AI capabilities have been available on smartphones for a year. Google offers them with Gemini and Apple (to some extent) with Apple Intelligence. However, these functions are limited and handle modest tasks.
Meanwhile, PCs are increasingly running more sophisticated AI models. My recent comparison of DeepSeek R1-14b with models like Llama 3.1-8b or Phi 4-14b showed that these developments run well on a Mac mini M4 with 16 GB of RAM.
With Pixel phones, for example, Google offers its Gemini Nano model in two versions: 1.8B and 3.25B parameters. While decent, they still fall short of the performance of models like the DeepSeek R1-14B and others mentioned.
The issue is that larger models with more parameters (e.g., 14B) require substantial memory. A seven-billion-parameter LLM (7B) typically needs about 8 GB of memory, though having more headroom (e.g., 12 GB) is advisable.
Manufacturers are aware of this.
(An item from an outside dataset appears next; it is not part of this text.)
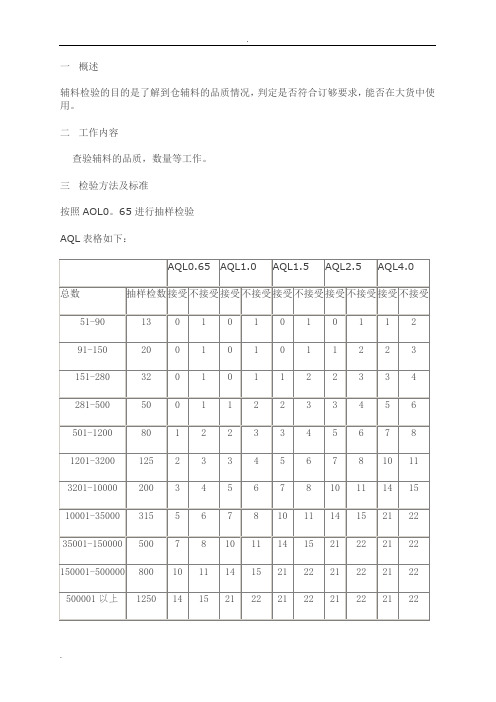 质检部标准化检验流程.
Even Apple has stepped up, with the iPhone 16s moving from 6 GB to 8 GB of RAM, while Google’s Pixel 9 offers up to 16 GB for the same reason. More RAM allows locally executed AI functions to run smoothly.
That memory jump could soon go further. It’s not unreasonable to imagine future phones with at least 32 GB of RAM to support larger AI models, giving users more powerful capabilities.
Of course, memory isn’t the only factor. Phones lack a dedicated GPU to accelerate these tasks, but developers are advancing increasingly powerful NPUs. The combination of these elements signifies a shift toward delivering more versatile local AI models.
In addition to these hardware improvements, potential optimization and “compression” techniques for AI models exist. Quantization—a form of “rounding”—helps reduce the size of LLMs at the expense of some accuracy.
Quantization is popular for using large AI models on smaller devices, lowering hardware requirements and boosting efficiency.
All of this points to a near future where much more powerful AI models reside in our pockets—models that run locally, work without an internet connection, and keep conversations private.
The benefits are compelling. It’s easy to imagine handset manufacturers soon boasting 32 GB phones—or perhaps even more.
Image | Solen Feyissa (Unsplash)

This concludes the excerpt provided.